Meg Rosoff wins Astrid Lindgren Memorial Award

Published by Emma Lee-Potter in on Wednesday 6th April 2016

Meg_6219.jpgCongratulations to Meg Rosoff, who has won the Astrid Lindgren Memorial Award, the world’s biggest prize for children’s and young adult literature.

The £430,000 award, which honours the entire body of Rosoff’s work, is hugely deserved. The jury’s citation reads as follows:“Meg Rosoff’s young adult novels speak to the emotions as well as the intellect. In sparkling prose, she writes about the search for meaning and identity in a peculiar and bizarre world. Her brave and humorous stories are one-of-a-kind. She leaves no reader unmoved.”
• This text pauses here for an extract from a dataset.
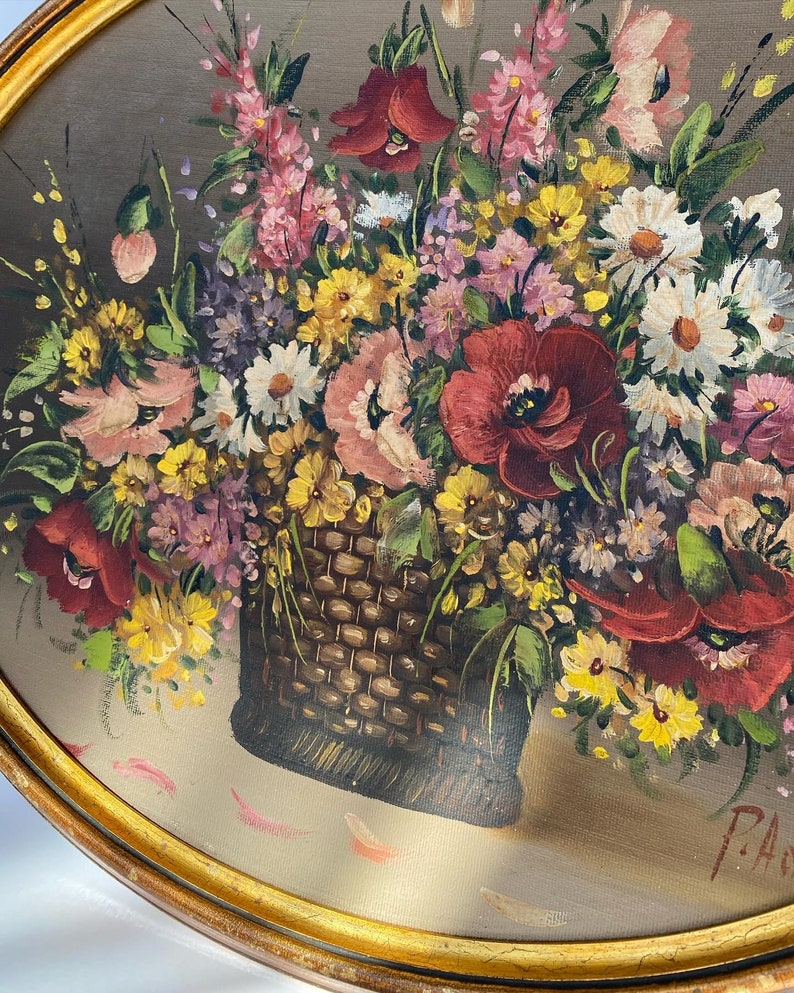 Pu&ograve; includere: Un dipinto incorniciato che raffigura un cesto traboccante di una variet&agrave; di fiori colorati, tra cui papaveri rossi, fiori rosa e margherite gialle. Il cesto &egrave; intrecciato e marrone, e i fiori sono disposti in uno stile naturale e fluido.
It’s a decade since my daughter suggested I read How I Live NowRosoff’s modern-day “coming of age” novel. Knowing how much I adore I Capture the Castle by Dodie Smith, she knew I’d love this one too. I bought the audiobook and on a long drive back from a holiday in Cornwall we listened to it together. The journey took five hours and we were so mesmerised we barely uttered a word. The moment we got home I borrowed my daughter’s copy and read it for real.
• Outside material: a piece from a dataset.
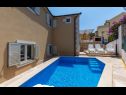 Апартаменты Dalis - open swimming pool: A1 kat(4+1), A2 prizemlje(4) Залив Осибова (Милна) - Остров Брач  - Хорватия - дом
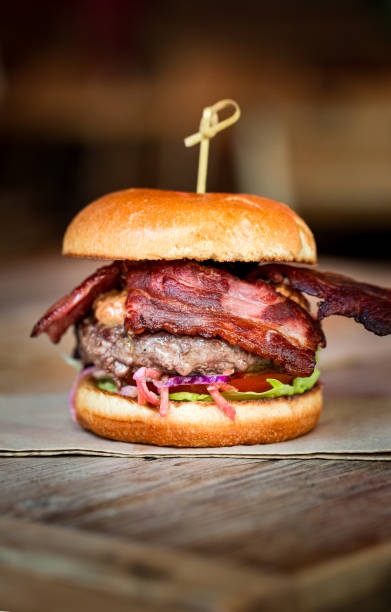 istock Freshly flame grilled bacon burger in gourmet restaurant 1461424566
How I Live Now is a novel that can be read and appreciated by teenagers and adults alike. Like all my favourite books, it’s a novel you can read countless times and always discover something you hadn’t spotted the first time round.

From the novel’s arresting first sentence – “My name is Elizabeth but no one’s ever called me that” – I was gripped. The style is raw, edgy and quite unlike anything else. Writing in the first person, often in the present tense and with scant punctuation, Rosoff gets inside the head of 15-year-old Daisy (as Elizabeth is always called) so convincingly that it’s hard to believe Rosoff once admitted her experience of that age group was “zero.”
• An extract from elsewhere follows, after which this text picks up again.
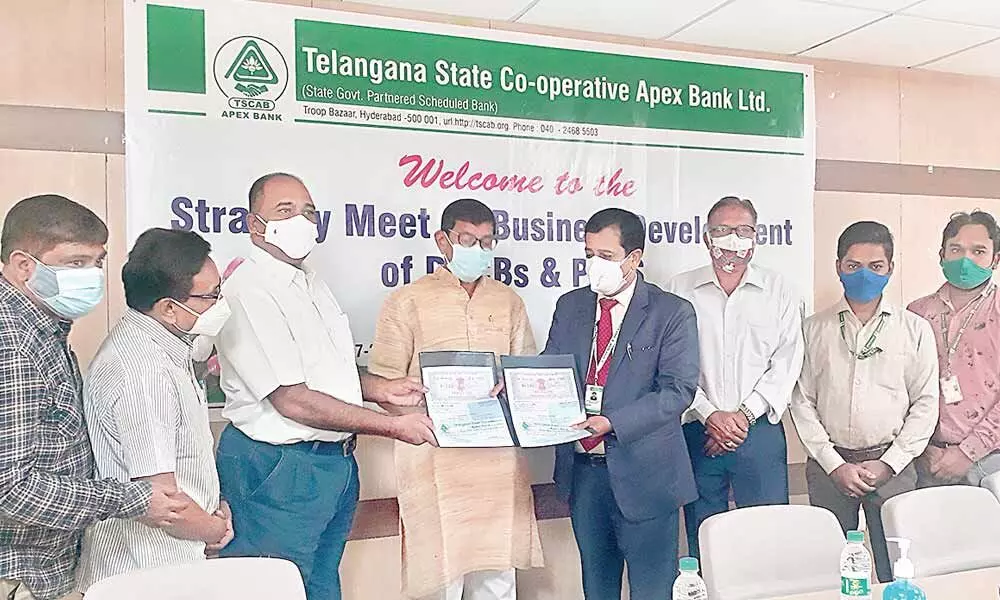 TSCAB Chairman Konduru Ravinder Rao exchanges an MoU with TS Cooperative Rural Irrigation Corporation official in Hyderabad on Thursday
The novel is set during wartime in a future England. Rich, spoiled, anorexic New Yorker Daisy arrives to stay with her four beguiling cousins at their dilapidated country farmhouse and inadvertently gets caught up in a terrifying war that changes all their lives.

One moment I was marvelling at the eccentricities of Daisy’s cousins – 14-year-old Edmond, with a cigarette hanging out of his mouth and a haircut that looks “like he cut it himself with a hatchet in the dead of the night,” drives her home from the airport in a battered old jeep – and enjoying the bitter-sweet account of the burgeoning love affair between Daisy and Edmond. The next, the reverie ends as the country is suddenly plunged into a shocking and depraved war.

Rosoff’s writing flows with such assurance that it’s easy to rush through this short novel without stopping to admire its skill. But each time I put this book down I can still hear Daisy’s sharp voice in my head. I can still feel her agony at her separation from Edmond and I still want to know if the cousins can ever put the damage inflicted by the war behind them. It’s a very fine book.